Species of flowering plant

Borassus flabellifer, also known as palmyra palm, (Note: Other common names include doub palm, fan palm, ice apple, lontal palm, ron palm, sea apple, sugar palm, tala palm, toddy palm, and wine palm.) is a fan palm native to tropical and sub-tropical regions of South Asia and Southeast Asia. It is a tall, sturdy tree growing up to 20–30 m, with large fan-shaped leaves arranged in the form of a crown. It produces a pale white and branched inflorescence consisting of clusters of flowers. It produces bunches of large fruits containing sweet, watery kernels.

It grows in a wide range of habitats and is drought resistant to an extent.
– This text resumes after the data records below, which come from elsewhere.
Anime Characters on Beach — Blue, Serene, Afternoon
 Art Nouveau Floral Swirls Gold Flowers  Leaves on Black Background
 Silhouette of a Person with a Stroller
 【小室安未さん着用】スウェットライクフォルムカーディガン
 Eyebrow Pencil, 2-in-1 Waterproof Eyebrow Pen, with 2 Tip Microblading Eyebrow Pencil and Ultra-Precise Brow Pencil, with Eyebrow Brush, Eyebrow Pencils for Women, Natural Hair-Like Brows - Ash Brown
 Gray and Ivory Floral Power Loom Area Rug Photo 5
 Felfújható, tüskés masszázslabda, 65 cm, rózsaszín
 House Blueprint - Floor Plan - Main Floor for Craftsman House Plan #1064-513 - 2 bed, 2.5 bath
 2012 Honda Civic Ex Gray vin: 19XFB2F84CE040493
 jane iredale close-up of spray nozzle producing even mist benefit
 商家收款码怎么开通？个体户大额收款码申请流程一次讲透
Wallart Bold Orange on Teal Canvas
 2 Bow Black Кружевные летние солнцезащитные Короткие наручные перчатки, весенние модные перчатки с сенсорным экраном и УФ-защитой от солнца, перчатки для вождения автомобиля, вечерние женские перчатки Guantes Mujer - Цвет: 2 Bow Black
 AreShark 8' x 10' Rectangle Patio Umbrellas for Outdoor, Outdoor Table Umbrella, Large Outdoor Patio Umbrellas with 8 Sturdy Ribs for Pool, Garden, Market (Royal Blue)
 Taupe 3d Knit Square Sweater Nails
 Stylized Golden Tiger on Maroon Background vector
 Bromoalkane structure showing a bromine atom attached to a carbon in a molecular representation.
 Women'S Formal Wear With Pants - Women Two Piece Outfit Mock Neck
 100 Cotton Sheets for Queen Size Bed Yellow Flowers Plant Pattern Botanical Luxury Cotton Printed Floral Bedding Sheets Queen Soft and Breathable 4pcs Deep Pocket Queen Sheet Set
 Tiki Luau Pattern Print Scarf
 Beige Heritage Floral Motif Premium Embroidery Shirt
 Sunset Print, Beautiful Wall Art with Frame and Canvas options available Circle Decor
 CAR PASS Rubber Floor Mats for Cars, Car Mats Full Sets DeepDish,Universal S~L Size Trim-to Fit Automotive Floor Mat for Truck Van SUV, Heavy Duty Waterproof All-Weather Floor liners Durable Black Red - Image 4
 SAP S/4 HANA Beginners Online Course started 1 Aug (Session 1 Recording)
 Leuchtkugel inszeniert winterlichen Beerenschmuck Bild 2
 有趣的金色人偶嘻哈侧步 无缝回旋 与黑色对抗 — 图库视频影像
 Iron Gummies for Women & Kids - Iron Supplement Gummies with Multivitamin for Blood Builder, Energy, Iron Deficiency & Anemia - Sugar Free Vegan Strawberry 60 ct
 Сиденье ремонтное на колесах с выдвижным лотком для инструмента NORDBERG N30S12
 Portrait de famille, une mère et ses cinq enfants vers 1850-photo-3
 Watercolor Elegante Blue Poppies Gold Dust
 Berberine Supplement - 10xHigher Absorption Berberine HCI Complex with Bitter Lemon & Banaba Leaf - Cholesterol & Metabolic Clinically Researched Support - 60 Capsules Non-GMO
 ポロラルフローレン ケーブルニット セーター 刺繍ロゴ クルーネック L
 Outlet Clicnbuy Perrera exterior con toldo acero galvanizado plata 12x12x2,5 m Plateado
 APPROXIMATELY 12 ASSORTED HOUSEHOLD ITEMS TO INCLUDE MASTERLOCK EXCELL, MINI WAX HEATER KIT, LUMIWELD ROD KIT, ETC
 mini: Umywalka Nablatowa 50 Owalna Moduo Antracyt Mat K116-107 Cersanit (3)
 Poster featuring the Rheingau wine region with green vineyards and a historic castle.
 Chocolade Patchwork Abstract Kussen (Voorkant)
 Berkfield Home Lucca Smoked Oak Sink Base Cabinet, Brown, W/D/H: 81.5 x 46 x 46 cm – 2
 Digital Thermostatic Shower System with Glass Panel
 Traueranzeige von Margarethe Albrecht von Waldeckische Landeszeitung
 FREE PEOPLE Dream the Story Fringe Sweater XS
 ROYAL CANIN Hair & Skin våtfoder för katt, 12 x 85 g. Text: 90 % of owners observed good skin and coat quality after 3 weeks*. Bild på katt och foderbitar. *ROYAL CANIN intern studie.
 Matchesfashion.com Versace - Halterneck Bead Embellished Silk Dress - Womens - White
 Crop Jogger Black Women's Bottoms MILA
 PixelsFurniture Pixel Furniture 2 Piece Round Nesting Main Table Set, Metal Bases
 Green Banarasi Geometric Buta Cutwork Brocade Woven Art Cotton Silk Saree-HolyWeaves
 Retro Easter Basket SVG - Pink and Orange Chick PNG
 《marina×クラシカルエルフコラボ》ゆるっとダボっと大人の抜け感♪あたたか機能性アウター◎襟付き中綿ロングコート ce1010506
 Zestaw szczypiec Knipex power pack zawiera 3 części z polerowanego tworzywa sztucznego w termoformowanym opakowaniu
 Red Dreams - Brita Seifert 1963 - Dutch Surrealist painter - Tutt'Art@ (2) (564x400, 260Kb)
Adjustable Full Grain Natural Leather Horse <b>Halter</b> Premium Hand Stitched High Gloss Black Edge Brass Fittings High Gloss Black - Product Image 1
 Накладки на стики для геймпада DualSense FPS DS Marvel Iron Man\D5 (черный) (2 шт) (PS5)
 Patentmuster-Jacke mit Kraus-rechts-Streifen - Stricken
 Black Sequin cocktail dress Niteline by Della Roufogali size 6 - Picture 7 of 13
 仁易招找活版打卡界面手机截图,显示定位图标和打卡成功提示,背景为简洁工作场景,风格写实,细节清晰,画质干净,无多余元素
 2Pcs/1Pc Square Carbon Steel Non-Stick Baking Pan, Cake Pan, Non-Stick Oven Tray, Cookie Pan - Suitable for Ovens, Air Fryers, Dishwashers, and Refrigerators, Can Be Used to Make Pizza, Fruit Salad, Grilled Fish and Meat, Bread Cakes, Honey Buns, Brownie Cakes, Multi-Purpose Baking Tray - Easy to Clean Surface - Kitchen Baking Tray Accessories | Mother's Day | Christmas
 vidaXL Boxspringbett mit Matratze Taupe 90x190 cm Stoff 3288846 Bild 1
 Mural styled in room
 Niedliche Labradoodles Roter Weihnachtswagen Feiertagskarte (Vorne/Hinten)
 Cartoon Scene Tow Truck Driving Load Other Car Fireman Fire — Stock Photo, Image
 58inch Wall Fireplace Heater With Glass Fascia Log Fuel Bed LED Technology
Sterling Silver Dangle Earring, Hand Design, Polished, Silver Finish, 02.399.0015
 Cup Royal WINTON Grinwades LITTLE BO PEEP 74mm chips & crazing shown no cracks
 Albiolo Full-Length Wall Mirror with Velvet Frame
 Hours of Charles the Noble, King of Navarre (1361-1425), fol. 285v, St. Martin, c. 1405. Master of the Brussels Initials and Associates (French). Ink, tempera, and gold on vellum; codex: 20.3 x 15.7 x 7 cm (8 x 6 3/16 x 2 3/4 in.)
It takes a few years to mature and can have a productive life of 100+ years. Most of the parts of the tree including its druit, sap, leaves, and trunk, find extensive applications. The fruits and sprouts are edible while the sap is used to make palm wine, sugar, jaggery, and palm candy. The leaves and fibres are used for thatching, weaving, and handicrafts. The strong trunk is used for construction and furniture. Because of its extensive uses, the tree forms a major part of the native culture across the region.

==Taxonomy==
The species name flabellifer is derived from Latin meaning "fan-bearing". The genus name Borassus comes from the Greek word "borassos" meaning "an immature spadix of date palm" as the immature inflorescence of the palmyra palm resembles that of the date palm. It was first described as Borassus flabelliformis in the thirteenth edition of Carl Linnaeus's Systema Naturae published by Johan Andreas Murray in 1774. It was later described as Lontarus domestica Joseph Gaertner in 1788 and Borassus tunicatus by João de Loureiro in 1790. It was classified as Lontarus flabellifer by François Joseph Lestiboudois in 1800. Other heterogenous synonyms include Thrinax tunicata by William Rollisson in 1875, Pholidocarpus tunicatus by Hermann Wendland in 1878, and Borassus sundaicus by Odoardo Beccari in 1914.

==Description==
Palmyra palm is a solitary and robust tree that can reach up to 20-30 m. It has a hard and greyish colored trunk measuring 25-30 cm in diameter and consisting of several consecutive rings made up of dried leaf bases. It has 40-50 large fan-shaped fronds arranged in the form of a crown measuring up to 3 m across. The tree has greyish-green leaves, which are large and thick. They have semi-terete and spiny petioles measuring 1.5-2 m in length. The induplicately arranged leaves measure 1.2–1.8 m across, and consist of 60 to 65 folded segments. The lower part of the foliage often consists of marcescent leaves.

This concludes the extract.